Title: Plummet To Soar
Publisher: Dreamspinner Press
Cover Artist: LC Chase
Publication Date: May 8, 2018
Length 200 pages
Reviewed by Michael
Feckless, luckless, and charming, Mackenzie Detweiler is the author of a self-help book one reviewer calls “the most misbegotten motivational tool since Mein Kampf.” He’s maneuvered himself into a career as a life coach, but more often than not, his advice is bad. Really bad.
It’s even getting people hurt… and Mackenzie sued.
It falls to Mackenzie’s long-suffering editor, JD Chambers, to deliver the bad news. He chooses to do so face-to-face—to see if the spark he senses between them is real when they’re together in the flesh. Unfortunately, a snowstorm, a case of nerves, a case of mistaken identity, and finally a murder get in the way of a potential enemies-to-lovers romance.
There are many, many people who have good reason to want Mackenzie dead. JD must find out which one is acting on it before it’s too late for both of them.
If you’re anything like me, your To Be Read (TBR) list is incredibly long, filled with books or authors that you really want to try. Sadly, time and life get in the way and when taken in conjunction with the sheer number of new books that come out each month, that TBR only grows larger.
Which was why I was so excited when this book became available for review. I’ve got a few Z.A. Maxfield books in my TBR that I haven’t been able to get to. This would give me a chance to read an author that I’ve always wanted to try, and read it to review for the site. Two birds, one stone if you will.
Mac (Kenzie) is kind of a free-bird. A near death experience left him with the notion that every minute is to be lived to the fullest. He also wrote a book based on these ideas, ironically titled the same as this one, and has developed a following. He travels the world holding seminars he calls “plummets” (he did plummet from a helicopter, after all) where he espouses the virtues of taking each day as it comes and not looking into the rearview mirror
Mac’s was discovered by a publishing houses' group editor, JD. The publishing house is a family owned business left to him by his father. While somewhat younger than Mac, JD struck me as being quite older, perhaps because of the responsibility of running the business.
Mac and JD develop a relationship that is purely online. Now, some people may argue the legitimacy of any relationship that is only on-line, but, speaking from my own experience, as long as both parties are completely honest with each other, it can be almost as fulfilling as a person-to-person relationship. Sometimes it’s easier for some people to communicate from the safety of a keyboard. It’s also incredibly convenient over long distances. This is especially handy to Mac and JD given that Mac travels so much.
What Mac doesn’t know is that there have been threats, both legal and physical made against him. Add to that JD has been charged with delivering some rather bad news, which he decides to do in person. The two (along with a small group of people) end up snowed in at a hotel, and what ensues is something akin to a whodunit, or, as I call it, a “murdermance” (coined that one all on my own)
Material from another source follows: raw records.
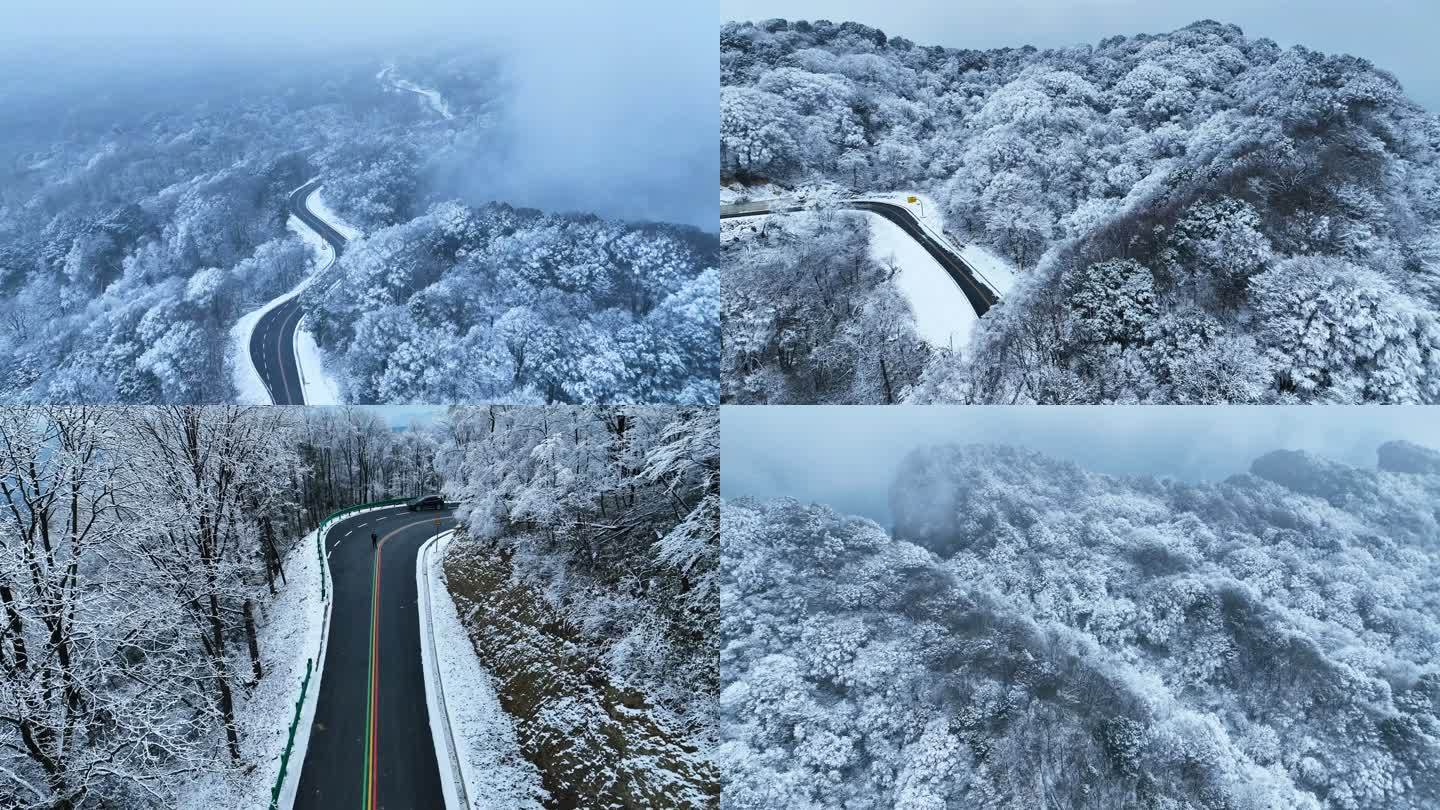 旺苍县光头山雪景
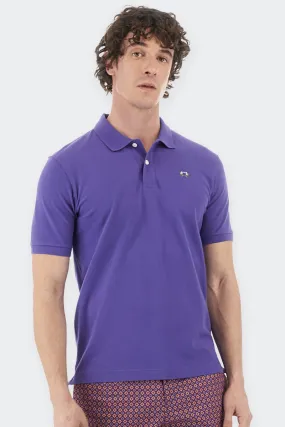 POLO BASIC IN PIQUET STRETCH ORIENT BLU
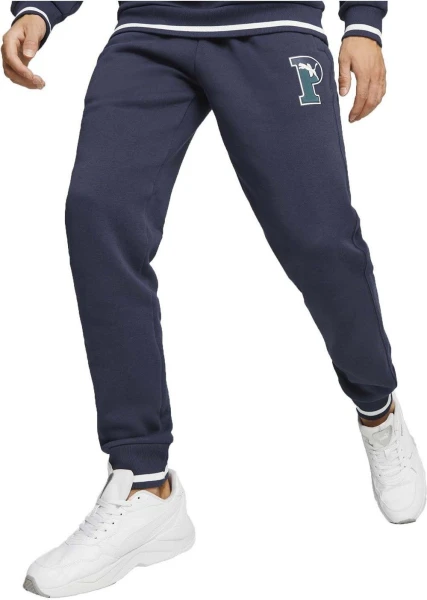 Спортивные штаны Puma SWEATPANTS темно-синие 67601906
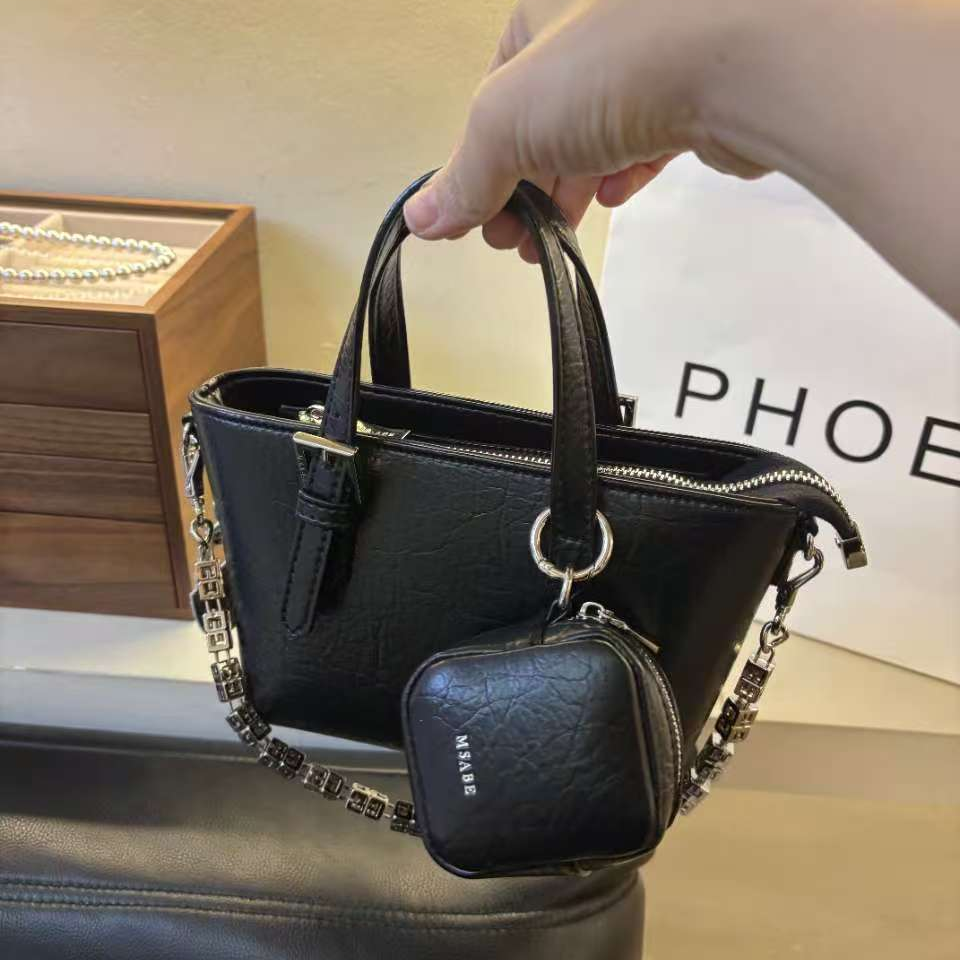 2025春季新款斜挎手提菜篮子包 小众轻奢简约时尚上班通勤百搭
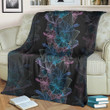FamilyGater Blanket - Hawaiian Hibiscus Full Color Polynesian Premium Blankets - AH - J4C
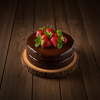 Chocolate Strawberry Delight Cake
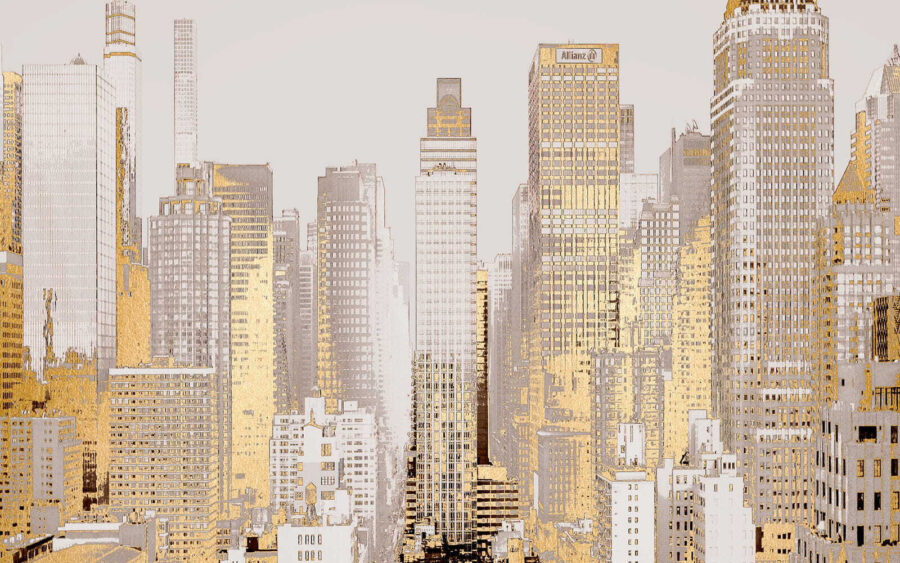 Wall murals A city skyline with many tall buildings - Image 2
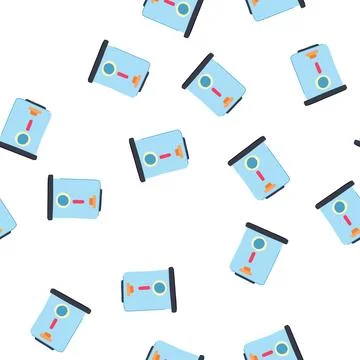 Pattern compact bottle warmer cartoon vector Stock Illustration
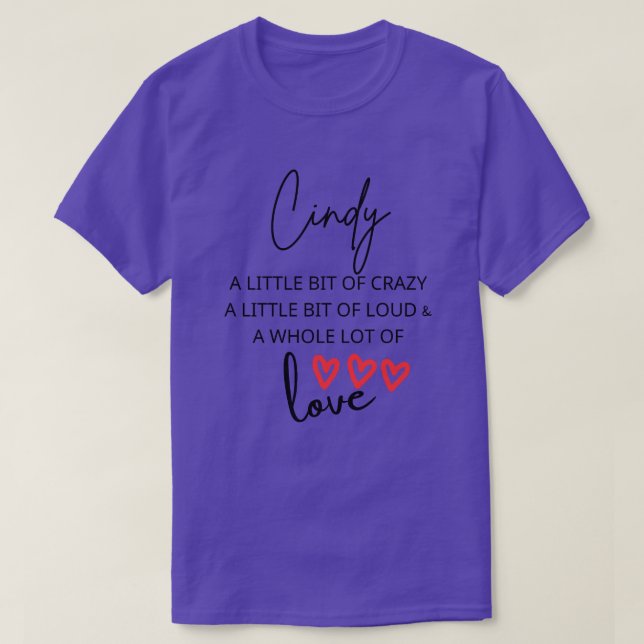 Camiseta Cindy Colorful Love (Diseño del anverso)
There were times that the character’s made decisions that left me scratching my head (I’m looking at you, bathroom scene after someone shoot’s into Mac’s hotel room). But I also liked that secrets weren’t kept until the very end of the book as a way to create huge drama that ultimately tears them apart. Mac and JD work together to overcome adversities, both within their relationship and from the outside.
Overall, I was glad I read this, and will definitely be reading more from this author.